Former O-State lineman Billy Price suffered a torn pectoral muscle doing the bench press at the NFL Combine. Really believe that he was a top two rounds draft choice. Guessin at guard and not center. But this blog is my take on some of the combine test that people use, including the all powerful NFL.
The 40 and the bench press have always been two of the most over rated physical test that we put football players thru to get some type of evaluation. But realize, I am just a guy and far from being considered an expert.
Yes, I did the 40 as part of my combine testing to get players exposed to college summer camp testing. I did not do the bench press.
The 40 tells me that a player is fast or that he is slow. Simple. More important, if you watch a player run, watch his face and you learn a lot. If he is grimacing, I worry. If he is relaxed, I am feel better. If a lineman finishes strong, I feel good.
The start in the forty is the key. You can train for the start. Sometimes too much emphasis is put on the finer points. But overall, training for the start is huge.
I have always wonder why we start to 40 from a 3point stance. I have seen very few WR or Corners line up in a 3point on the football field. Always seems that the only players to put their hand down are the OL and DL guys. And, in reality, their 40 times are irrelevant.
Any more, there are fewer and fewer pass plays that the ball is in the air 40 yards or more. Now corners with good hips can turn and run with WR’s who are 40 fast. Many of the really fast 40 times cannot get separation or are not excellent ball catchers.
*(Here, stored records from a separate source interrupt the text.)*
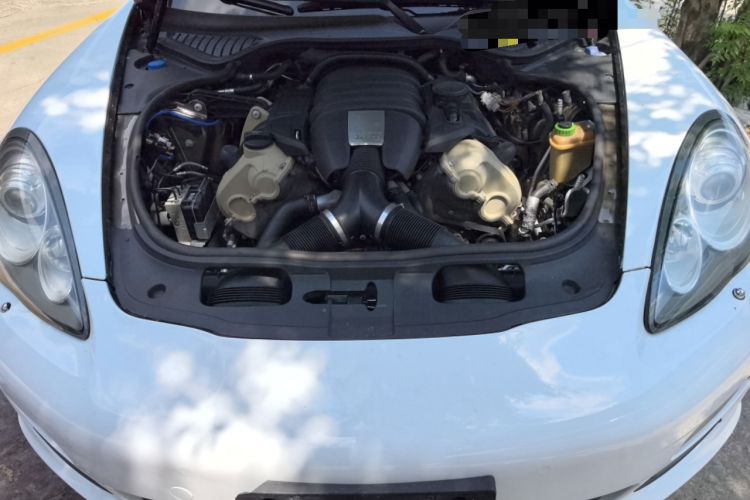 Used Porsche Panamera 2010 Panamera 3.6L Engine Bay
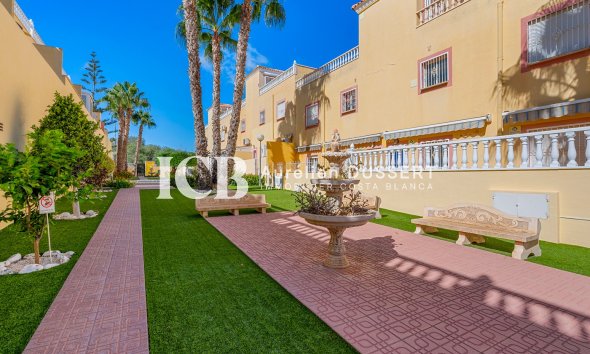 Revente - Appartement -
San Miguel de Salinas - El Galan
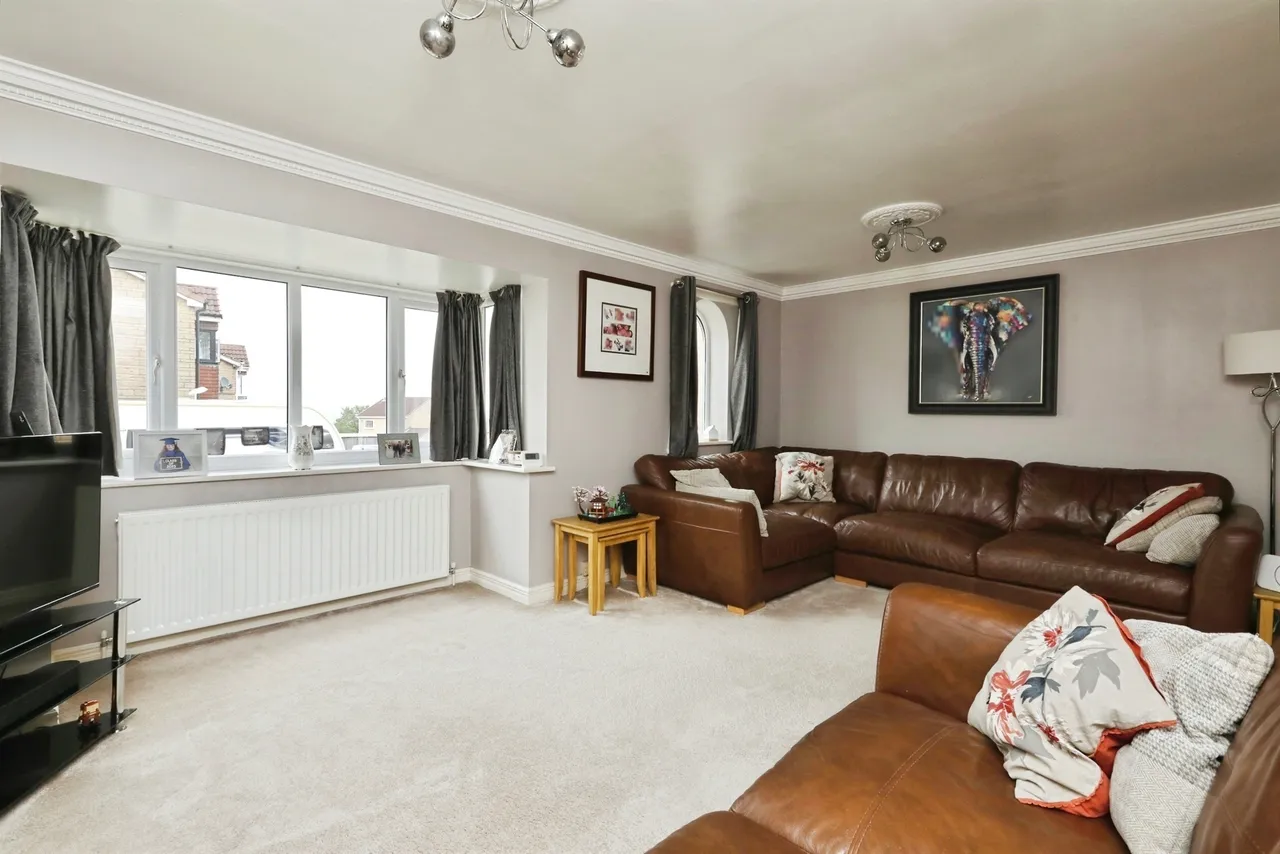 Betony Close, Killamarsh, S21, photo 8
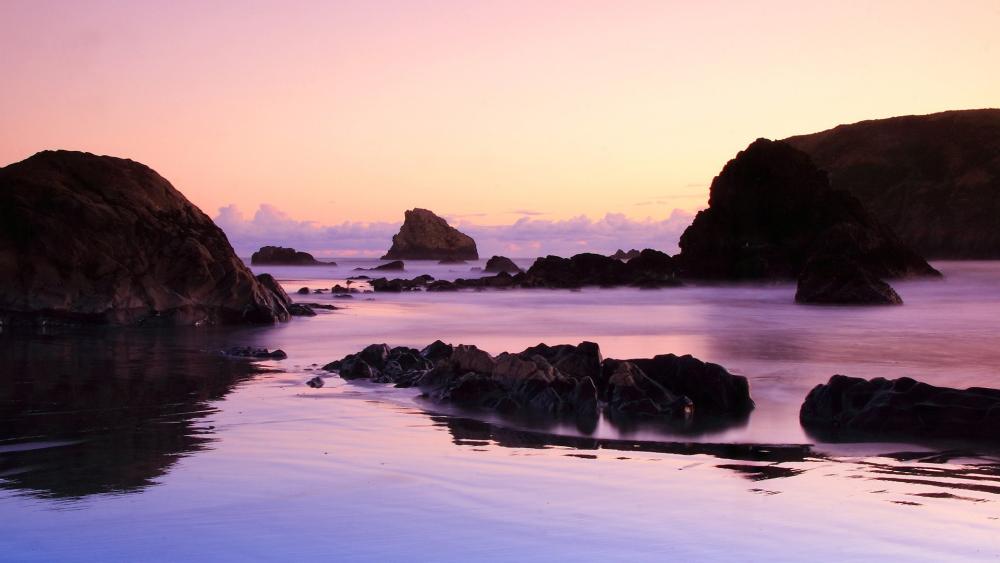 Dramatic Coastal Horizon at Dusk wallpaper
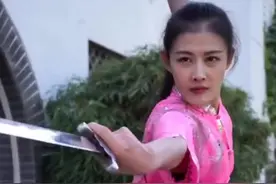 从小就有一个侠女梦#功夫 #太极 #弘扬传统文化 @抖音短视频视频封面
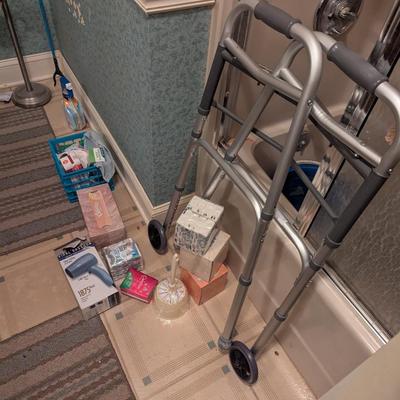 Bathroom Accessories (See All Pictures)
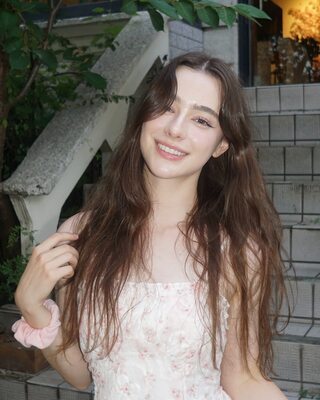 Bild markiert mit: Skinny, Brunette, Dasha Taran, Cute, Eyes, Russian, Safe for work, Smiling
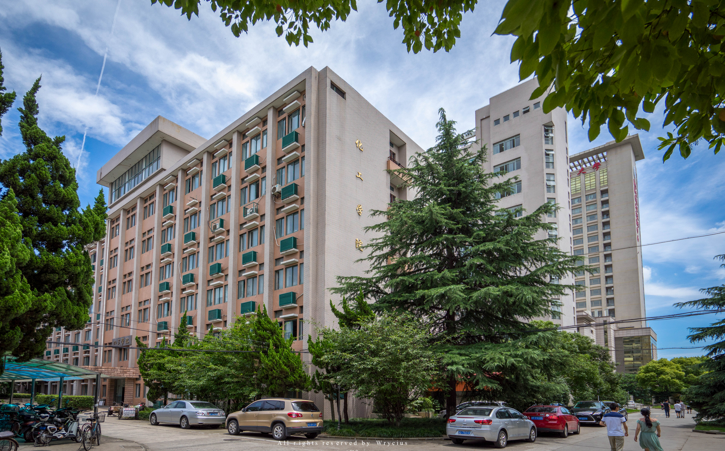 我国“一字不差”的2所大学录取分相差达百余分，网友：差点报错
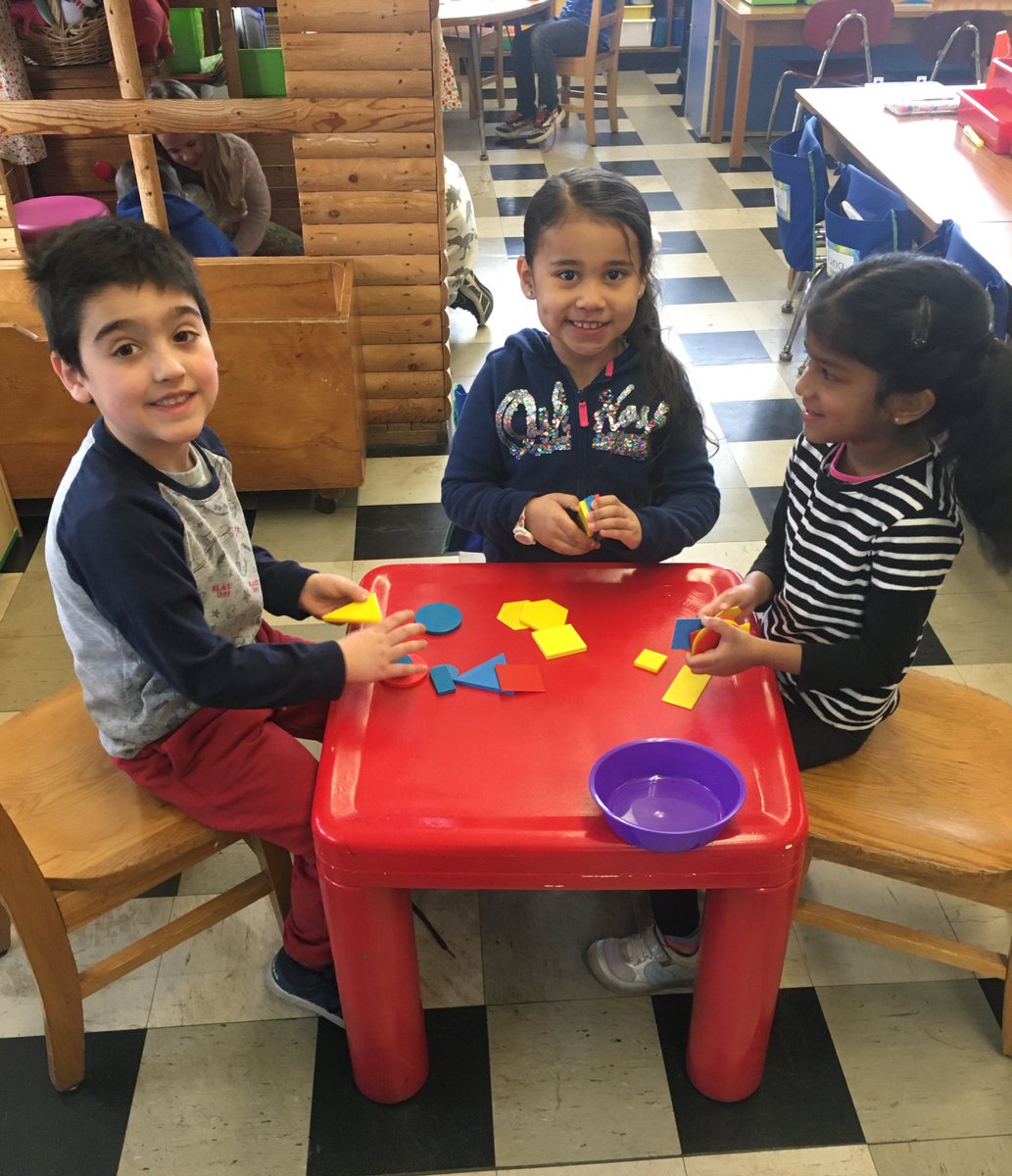 harvey_abc123's tweet photo. #Sorting #attributes by shape, color, size and thickness. #MathIsFun #Kindergarten #ShapeAttributes @NMGibbs_NJ #NMuKnight https://t.co/ATrIgKXkMv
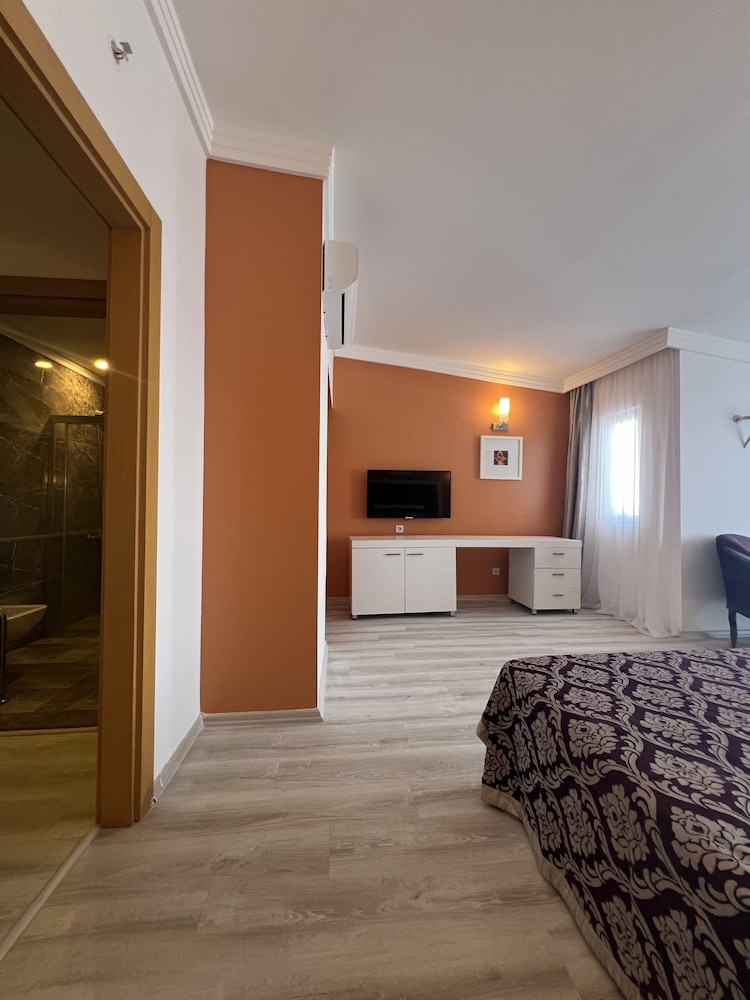 Luxury Room, 1 Queen Bed, Sea View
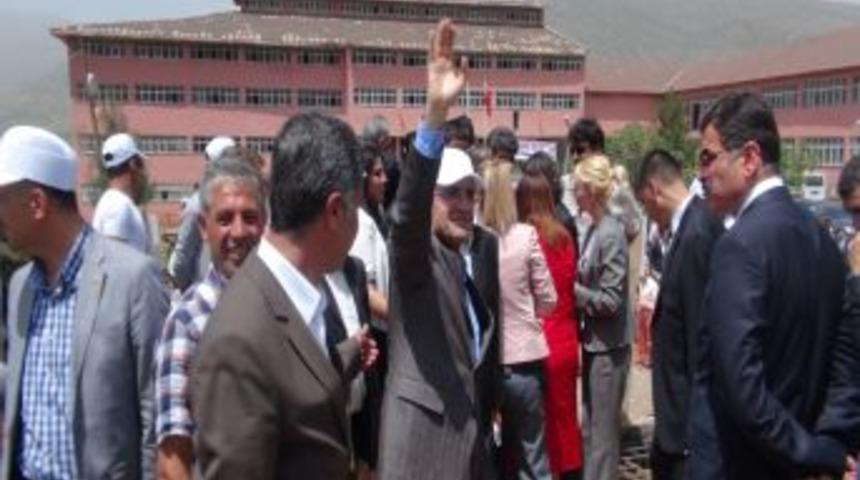 Maliye Bakanı Şimşek, kız yurdunun temelini attı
Not so sure that 10yds and 20 yards should not be timed. Explosiveness – huge. Burst – huge. For me, I am more concerned about quickness off the line. Initial quickness! Do they have a burst at 20 yards. Is there more explosion at 20.
For OL/DL guys – that initial quickness is huge. The first step – huge. With the 10 yards, does the OL/DL bend. Where is he at 20 yards? I never wanted my OL guys 20 yards downfield, because they would either hold or clip or get in the way. Of course, that is what coaches wanted drills for. And we all did those drills.
Running backs the same- Do they have that initial quickness to get to the LOS and the burst once they clear they clear the LOS. Many backs are runners and have no 5th gear.
The best thing about the bench press for me as a coach was that it made for an excellent fun raiser. Donations matched the total bench press that a player did one time. The idea was good, but there was money to be made.
The players with short arms had the advantage. They did more reps. The long arm guys struggled. The problem is that college coaches want the long arm guys. People put so much emphasis on the number of times a player can a certain weight. The endurance factor is probably important.
I used the medicine ball throw, or the power ball, instead of the bench press. Safer and less time consuming. What does a power ball throw measure. Of course, IF done correctly.
1. Hip flexibility- Since a player is on his knees – strength comes from hips and back. Can he throw his hips? Does he have strong core muscles. I have had QB’s do well, because of strong core muscles.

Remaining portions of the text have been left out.